PROBLEM DETAILS
Please quote exactly the opening lines of the data, from the first line to the one where "800px-Rose_rouge" appears.

:: DATASET ENTRIES ::

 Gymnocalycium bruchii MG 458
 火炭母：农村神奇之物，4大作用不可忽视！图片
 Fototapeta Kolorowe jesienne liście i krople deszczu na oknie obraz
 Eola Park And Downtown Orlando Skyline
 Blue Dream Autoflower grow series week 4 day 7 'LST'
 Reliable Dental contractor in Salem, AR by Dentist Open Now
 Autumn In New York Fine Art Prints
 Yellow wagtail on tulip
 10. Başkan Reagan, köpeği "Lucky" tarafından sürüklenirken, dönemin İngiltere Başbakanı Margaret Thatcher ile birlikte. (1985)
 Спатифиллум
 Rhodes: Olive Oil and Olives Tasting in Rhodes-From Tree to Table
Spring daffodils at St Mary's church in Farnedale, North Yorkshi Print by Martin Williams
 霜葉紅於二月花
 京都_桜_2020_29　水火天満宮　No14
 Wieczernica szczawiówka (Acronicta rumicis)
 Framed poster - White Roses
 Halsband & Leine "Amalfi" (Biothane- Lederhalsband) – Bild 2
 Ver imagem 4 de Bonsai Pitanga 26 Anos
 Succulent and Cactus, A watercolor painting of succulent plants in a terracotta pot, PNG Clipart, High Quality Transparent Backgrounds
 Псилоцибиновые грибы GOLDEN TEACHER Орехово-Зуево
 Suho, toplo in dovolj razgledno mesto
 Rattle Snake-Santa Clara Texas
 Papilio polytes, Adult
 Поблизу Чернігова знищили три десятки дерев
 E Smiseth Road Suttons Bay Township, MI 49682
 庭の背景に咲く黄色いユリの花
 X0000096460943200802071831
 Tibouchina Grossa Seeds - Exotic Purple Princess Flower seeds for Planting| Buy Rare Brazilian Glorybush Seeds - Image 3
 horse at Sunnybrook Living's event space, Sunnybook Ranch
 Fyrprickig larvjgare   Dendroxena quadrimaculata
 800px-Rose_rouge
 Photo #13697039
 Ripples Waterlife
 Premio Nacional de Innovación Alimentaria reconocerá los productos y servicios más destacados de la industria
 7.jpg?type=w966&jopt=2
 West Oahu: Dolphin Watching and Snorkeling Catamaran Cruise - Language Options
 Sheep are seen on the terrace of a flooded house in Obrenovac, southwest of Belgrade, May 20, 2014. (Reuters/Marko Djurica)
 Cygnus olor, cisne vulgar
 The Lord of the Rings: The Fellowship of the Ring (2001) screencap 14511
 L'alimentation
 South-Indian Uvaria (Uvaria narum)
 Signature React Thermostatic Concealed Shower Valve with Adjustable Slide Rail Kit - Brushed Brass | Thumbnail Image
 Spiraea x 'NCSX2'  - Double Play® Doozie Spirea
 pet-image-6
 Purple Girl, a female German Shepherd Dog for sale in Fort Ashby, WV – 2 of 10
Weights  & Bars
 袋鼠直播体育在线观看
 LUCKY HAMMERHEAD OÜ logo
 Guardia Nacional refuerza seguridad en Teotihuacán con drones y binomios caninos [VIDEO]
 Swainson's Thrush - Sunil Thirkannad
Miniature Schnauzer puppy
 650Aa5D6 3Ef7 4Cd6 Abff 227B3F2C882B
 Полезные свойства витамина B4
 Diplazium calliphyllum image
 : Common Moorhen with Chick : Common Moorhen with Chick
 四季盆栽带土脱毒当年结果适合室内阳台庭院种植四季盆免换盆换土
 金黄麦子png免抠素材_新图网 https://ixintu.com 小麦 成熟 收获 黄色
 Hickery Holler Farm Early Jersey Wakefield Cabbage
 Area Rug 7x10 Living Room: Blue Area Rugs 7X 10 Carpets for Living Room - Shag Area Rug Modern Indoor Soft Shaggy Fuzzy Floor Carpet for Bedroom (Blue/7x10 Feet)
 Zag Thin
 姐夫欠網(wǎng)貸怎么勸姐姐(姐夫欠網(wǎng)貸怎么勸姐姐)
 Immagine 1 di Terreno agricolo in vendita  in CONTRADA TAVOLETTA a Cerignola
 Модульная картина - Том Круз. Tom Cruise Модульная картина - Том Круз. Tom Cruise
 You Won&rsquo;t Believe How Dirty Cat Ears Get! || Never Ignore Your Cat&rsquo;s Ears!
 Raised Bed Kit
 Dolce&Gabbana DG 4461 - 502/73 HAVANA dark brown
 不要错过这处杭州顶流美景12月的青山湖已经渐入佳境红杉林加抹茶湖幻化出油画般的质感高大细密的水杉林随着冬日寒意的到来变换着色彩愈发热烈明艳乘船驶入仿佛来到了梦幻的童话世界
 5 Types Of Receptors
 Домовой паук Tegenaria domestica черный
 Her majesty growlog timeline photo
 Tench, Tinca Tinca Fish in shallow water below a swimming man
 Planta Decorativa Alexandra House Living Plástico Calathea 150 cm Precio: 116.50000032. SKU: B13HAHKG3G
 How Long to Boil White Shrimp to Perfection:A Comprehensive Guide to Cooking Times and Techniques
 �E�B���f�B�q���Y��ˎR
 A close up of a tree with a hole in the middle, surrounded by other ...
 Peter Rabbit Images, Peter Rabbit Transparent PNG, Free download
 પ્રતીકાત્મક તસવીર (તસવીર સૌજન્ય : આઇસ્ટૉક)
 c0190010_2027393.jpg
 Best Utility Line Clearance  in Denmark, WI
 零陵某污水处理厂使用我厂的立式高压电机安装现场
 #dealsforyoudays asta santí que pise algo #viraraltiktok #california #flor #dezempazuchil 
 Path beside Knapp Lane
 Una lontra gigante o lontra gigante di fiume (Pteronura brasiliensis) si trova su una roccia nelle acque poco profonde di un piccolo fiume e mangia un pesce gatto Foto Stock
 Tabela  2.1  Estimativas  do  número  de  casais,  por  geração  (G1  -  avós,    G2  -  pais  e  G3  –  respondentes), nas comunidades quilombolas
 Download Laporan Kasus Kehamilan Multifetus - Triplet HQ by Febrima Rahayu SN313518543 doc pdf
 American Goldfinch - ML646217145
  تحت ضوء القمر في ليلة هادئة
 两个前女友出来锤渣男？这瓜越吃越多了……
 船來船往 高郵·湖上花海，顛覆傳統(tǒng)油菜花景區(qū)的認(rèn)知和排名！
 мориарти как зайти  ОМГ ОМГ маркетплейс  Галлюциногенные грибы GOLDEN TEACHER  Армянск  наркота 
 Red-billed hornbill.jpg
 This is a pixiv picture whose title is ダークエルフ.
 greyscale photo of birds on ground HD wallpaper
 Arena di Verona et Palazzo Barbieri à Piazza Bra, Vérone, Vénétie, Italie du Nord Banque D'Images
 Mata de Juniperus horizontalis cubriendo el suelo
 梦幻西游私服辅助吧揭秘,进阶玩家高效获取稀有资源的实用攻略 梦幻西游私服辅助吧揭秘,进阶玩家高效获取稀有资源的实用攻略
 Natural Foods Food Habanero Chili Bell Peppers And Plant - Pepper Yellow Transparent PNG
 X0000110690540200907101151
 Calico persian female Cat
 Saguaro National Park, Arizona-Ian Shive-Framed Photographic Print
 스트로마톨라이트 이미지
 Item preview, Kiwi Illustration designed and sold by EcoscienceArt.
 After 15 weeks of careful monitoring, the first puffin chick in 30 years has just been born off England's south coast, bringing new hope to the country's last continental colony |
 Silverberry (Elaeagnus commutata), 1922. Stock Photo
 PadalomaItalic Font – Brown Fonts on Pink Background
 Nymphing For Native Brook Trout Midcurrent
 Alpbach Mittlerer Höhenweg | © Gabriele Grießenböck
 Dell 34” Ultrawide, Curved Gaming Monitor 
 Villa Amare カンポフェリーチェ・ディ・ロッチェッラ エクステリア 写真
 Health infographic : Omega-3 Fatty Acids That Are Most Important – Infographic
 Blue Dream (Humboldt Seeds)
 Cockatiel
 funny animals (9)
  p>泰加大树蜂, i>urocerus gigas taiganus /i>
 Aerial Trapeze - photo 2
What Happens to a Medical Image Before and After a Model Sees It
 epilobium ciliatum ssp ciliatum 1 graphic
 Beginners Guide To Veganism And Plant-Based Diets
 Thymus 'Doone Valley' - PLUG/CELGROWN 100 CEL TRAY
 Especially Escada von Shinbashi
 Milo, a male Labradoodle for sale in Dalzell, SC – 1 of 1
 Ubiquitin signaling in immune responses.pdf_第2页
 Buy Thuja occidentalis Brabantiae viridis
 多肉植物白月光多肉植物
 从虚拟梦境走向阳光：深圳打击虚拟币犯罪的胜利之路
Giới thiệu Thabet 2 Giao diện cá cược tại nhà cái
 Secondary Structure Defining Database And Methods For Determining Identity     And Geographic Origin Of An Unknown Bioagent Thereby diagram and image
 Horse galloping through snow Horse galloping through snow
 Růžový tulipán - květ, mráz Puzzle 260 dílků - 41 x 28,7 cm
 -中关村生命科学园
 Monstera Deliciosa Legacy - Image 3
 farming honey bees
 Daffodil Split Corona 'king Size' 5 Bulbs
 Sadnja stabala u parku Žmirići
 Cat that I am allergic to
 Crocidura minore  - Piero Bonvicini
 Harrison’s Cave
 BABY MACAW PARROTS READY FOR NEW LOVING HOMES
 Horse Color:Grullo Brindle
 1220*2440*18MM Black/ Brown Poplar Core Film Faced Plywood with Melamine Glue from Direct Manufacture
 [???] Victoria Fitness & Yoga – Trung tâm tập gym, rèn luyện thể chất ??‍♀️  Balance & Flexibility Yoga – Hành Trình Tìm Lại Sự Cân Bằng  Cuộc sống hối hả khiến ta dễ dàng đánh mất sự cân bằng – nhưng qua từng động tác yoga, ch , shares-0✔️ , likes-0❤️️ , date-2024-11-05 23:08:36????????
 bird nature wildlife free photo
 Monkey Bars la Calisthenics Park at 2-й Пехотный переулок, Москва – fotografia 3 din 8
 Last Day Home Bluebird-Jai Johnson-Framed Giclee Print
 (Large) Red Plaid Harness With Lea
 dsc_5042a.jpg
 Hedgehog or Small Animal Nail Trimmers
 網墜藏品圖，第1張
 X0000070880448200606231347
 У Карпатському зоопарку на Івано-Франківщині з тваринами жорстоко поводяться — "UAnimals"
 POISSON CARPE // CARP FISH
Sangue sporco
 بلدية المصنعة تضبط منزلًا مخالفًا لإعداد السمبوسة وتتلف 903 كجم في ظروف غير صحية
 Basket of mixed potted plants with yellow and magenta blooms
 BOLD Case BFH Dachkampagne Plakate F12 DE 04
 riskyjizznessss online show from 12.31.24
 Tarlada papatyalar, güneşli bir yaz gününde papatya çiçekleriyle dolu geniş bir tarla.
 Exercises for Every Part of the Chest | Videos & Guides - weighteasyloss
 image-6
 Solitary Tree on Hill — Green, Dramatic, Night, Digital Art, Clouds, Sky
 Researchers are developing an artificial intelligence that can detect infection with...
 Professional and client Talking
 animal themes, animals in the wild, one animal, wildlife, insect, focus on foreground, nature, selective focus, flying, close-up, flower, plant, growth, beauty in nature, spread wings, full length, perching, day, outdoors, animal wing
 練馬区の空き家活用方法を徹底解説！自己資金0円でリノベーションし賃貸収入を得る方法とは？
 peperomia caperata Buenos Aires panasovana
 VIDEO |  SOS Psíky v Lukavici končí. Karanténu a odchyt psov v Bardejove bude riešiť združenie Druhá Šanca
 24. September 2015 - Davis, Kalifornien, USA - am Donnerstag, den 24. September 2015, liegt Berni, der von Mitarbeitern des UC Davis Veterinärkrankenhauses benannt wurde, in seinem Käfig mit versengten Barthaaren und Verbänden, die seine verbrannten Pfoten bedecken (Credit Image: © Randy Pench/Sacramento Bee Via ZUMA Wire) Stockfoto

:::

EXPECTED OUTPUT
 Gymnocalycium bruchii MG 458
 火炭母：农村神奇之物，4大作用不可忽视！图片
 Fototapeta Kolorowe jesienne liście i krople deszczu na oknie obraz
 Eola Park And Downtown Orlando Skyline
 Blue Dream Autoflower grow series week 4 day 7 'LST'
 Reliable Dental contractor in Salem, AR by Dentist Open Now
 Autumn In New York Fine Art Prints
 Yellow wagtail on tulip
 10. Başkan Reagan, köpeği "Lucky" tarafından sürüklenirken, dönemin İngiltere Başbakanı Margaret Thatcher ile birlikte. (1985)
 Спатифиллум
 Rhodes: Olive Oil and Olives Tasting in Rhodes-From Tree to Table
Spring daffodils at St Mary's church in Farnedale, North Yorkshi Print by Martin Williams
 霜葉紅於二月花
 京都_桜_2020_29　水火天満宮　No14
 Wieczernica szczawiówka (Acronicta rumicis)
 Framed poster - White Roses
 Halsband & Leine "Amalfi" (Biothane- Lederhalsband) – Bild 2
 Ver imagem 4 de Bonsai Pitanga 26 Anos
 Succulent and Cactus, A watercolor painting of succulent plants in a terracotta pot, PNG Clipart, High Quality Transparent Backgrounds
 Псилоцибиновые грибы GOLDEN TEACHER Орехово-Зуево
 Suho, toplo in dovolj razgledno mesto
 Rattle Snake-Santa Clara Texas
 Papilio polytes, Adult
 Поблизу Чернігова знищили три десятки дерев
 E Smiseth Road Suttons Bay Township, MI 49682
 庭の背景に咲く黄色いユリの花
 X0000096460943200802071831
 Tibouchina Grossa Seeds - Exotic Purple Princess Flower seeds for Planting| Buy Rare Brazilian Glorybush Seeds - Image 3
 horse at Sunnybrook Living's event space, Sunnybook Ranch
 Fyrprickig larvjgare   Dendroxena quadrimaculata
 800px-Rose_rouge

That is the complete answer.